We don't know how tattoo dyes and inks affect a developing baby. Small amounts of chemicals that might be harmless to an adult can have a much bigger impact on a growing baby.
Most healthcare providers will give an epidural to a woman with a tattoo on her lower back. But they may decide not to if the tattoo is recent and fresh.
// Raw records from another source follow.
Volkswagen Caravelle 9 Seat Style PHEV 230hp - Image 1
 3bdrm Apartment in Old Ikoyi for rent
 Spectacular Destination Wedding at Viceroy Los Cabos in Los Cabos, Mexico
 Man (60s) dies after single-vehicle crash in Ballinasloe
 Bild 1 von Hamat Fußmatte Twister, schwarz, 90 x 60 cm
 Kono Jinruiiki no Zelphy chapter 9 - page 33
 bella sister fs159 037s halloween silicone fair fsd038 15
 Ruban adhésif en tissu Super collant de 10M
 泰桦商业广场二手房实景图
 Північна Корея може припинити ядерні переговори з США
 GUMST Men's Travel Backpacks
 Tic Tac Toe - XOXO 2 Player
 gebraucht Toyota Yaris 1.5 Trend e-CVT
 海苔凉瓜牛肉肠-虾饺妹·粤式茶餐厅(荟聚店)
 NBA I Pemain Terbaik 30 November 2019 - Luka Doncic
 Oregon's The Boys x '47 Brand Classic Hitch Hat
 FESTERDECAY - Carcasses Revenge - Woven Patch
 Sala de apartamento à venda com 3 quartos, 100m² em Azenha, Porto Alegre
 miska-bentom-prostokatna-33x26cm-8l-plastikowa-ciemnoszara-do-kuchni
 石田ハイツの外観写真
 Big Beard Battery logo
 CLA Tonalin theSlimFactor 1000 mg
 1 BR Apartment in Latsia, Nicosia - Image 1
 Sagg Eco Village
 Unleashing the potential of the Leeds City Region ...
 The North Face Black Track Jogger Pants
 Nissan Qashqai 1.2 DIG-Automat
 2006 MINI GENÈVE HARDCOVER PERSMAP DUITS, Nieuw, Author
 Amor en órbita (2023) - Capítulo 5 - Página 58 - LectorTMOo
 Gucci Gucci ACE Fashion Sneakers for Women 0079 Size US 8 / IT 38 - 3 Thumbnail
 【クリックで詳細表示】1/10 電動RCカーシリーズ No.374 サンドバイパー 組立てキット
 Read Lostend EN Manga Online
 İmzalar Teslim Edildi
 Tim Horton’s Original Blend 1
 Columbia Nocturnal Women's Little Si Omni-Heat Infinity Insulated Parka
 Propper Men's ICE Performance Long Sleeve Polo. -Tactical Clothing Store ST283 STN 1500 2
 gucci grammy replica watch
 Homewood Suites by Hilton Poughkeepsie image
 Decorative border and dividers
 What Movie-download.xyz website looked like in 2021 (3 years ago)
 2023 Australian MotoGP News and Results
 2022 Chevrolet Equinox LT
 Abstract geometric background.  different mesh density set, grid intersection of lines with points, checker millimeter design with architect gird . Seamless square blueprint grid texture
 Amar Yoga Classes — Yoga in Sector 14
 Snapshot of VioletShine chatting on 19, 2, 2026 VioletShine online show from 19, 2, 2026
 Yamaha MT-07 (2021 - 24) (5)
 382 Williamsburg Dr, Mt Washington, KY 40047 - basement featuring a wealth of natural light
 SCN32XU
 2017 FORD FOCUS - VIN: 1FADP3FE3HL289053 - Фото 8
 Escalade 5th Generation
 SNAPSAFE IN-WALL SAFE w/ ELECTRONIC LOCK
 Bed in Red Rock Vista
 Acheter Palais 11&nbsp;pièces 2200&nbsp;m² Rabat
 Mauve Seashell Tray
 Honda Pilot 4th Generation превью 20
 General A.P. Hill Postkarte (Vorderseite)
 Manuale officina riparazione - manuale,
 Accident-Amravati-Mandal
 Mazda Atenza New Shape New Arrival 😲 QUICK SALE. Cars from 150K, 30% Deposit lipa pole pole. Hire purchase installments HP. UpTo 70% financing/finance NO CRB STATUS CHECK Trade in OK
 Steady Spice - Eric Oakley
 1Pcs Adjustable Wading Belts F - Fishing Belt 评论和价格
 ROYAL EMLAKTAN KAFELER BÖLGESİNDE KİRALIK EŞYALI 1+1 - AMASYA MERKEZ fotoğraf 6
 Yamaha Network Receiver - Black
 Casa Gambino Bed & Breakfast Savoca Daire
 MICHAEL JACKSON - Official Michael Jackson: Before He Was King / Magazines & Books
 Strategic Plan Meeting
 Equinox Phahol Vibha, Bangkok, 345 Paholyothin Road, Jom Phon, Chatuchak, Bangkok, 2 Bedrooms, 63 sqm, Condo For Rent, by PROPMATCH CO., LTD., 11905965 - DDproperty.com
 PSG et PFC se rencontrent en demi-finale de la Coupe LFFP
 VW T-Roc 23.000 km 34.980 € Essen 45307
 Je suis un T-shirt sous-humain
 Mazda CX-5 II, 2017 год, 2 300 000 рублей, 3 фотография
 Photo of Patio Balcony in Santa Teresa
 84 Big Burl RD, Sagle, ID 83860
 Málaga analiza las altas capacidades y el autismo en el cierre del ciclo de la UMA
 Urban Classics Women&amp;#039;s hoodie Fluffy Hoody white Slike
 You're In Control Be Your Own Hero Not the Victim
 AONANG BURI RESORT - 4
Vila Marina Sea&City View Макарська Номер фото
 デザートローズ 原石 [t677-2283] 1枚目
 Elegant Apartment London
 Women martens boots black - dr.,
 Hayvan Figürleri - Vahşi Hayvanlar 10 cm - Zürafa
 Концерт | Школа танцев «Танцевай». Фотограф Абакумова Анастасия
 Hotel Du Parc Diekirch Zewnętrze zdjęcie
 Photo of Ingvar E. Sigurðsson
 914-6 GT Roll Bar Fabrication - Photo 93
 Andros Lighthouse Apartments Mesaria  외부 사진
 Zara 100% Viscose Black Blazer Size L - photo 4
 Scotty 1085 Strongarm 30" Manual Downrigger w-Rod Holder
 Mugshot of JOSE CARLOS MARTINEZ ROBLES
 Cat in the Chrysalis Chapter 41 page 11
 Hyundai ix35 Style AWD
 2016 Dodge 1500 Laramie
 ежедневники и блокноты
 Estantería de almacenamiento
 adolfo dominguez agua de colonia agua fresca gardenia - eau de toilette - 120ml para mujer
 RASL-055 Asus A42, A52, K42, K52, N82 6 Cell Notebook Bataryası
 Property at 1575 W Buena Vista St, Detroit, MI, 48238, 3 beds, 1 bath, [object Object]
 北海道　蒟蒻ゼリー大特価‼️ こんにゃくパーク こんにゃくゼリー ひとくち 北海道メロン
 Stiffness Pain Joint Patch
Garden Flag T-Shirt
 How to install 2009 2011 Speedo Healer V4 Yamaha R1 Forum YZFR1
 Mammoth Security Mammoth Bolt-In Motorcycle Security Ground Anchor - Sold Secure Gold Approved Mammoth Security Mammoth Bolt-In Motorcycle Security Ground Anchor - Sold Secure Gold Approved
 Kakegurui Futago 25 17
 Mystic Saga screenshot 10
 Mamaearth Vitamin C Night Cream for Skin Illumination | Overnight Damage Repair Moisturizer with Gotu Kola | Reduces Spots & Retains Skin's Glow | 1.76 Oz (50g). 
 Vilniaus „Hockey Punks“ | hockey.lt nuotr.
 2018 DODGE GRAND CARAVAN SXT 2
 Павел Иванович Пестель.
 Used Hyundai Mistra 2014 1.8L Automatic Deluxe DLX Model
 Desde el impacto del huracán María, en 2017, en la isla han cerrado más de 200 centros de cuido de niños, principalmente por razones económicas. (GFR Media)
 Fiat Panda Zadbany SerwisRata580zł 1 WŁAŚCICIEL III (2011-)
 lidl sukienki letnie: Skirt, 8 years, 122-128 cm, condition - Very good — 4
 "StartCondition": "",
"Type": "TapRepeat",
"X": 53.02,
If you have a tattoo on your back and are considering getting an epidural for pain relief during childbirth, find out what the hospital's policy is before you're admitted.
Is it safe to get spa treatments during pregnancy?
Some spa treatments are safe. Others may be more painful than usual. And some - like mud baths - are a bad idea while you're pregnant.
Any spa treatments that raise your body temperature (like mud baths, hot wax and seaweed wraps) are almost always unsafe during pregnancy. Steam rooms, hot tubs, and saunas also raise your body temperature. They can make you dehydrated and overheated. This can be dangerous for you and your baby. Avoid these treatments while you're pregnant.
Be careful with skin treatments like facials and body scrubs. During pregnancy, your skin changes a lot and may be extra sensitive. Before you cover your whole body with a product, test it on a small area of skin to be sure it doesn't irritate.
Getting your eyebrows done and having your bikini line waxed are usually safe during pregnancy, but they may feel more painful to your sensitive skin.